▶ [ABOUT THIS TASK] If a line in the entries below includes "Resort", show that line.

▶ [RECORDS FOR THIS EXERCISE]
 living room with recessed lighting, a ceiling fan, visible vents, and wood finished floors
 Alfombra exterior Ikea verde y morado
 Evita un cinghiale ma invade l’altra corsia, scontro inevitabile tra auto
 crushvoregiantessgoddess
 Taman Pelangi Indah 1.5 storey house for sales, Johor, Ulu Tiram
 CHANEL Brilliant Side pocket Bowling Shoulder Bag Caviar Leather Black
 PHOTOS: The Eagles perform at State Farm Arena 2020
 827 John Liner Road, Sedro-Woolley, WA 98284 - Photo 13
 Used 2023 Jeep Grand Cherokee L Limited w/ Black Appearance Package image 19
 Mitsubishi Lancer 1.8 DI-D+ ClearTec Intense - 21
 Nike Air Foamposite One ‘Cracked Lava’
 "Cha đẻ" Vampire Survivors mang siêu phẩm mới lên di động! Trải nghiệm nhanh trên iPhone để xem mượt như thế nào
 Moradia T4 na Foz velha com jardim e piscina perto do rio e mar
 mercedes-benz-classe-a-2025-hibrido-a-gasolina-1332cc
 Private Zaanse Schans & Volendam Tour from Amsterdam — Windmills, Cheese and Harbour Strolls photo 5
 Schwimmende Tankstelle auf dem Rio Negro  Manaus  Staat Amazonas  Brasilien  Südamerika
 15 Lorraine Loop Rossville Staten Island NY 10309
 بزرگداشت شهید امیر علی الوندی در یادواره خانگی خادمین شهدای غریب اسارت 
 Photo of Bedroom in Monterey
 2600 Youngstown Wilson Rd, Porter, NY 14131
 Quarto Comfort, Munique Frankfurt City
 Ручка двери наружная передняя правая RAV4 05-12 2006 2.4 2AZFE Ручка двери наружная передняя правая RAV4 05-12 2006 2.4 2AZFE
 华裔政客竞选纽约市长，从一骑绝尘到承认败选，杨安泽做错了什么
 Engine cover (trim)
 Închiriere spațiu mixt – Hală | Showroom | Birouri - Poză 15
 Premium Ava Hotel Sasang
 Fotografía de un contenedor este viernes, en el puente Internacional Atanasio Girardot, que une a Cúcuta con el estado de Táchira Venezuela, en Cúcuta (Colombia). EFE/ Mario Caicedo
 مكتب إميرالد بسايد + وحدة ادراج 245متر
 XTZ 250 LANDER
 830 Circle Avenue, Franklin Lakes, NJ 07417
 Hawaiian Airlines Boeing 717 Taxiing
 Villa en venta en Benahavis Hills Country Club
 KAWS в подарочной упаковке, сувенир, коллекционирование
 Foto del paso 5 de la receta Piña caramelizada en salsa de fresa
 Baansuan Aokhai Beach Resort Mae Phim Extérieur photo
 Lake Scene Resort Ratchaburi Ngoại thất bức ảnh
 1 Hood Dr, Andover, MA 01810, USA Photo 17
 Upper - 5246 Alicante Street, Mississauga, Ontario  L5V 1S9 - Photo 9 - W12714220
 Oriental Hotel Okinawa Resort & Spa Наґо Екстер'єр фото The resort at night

▶ [EXERCISE ANSWER]
 Baansuan Aokhai Beach Resort Mae Phim Extérieur photo
 Lake Scene Resort Ratchaburi Ngoại thất bức ảnh
 Oriental Hotel Okinawa Resort & Spa Наґо Екстер'єр фото The resort at night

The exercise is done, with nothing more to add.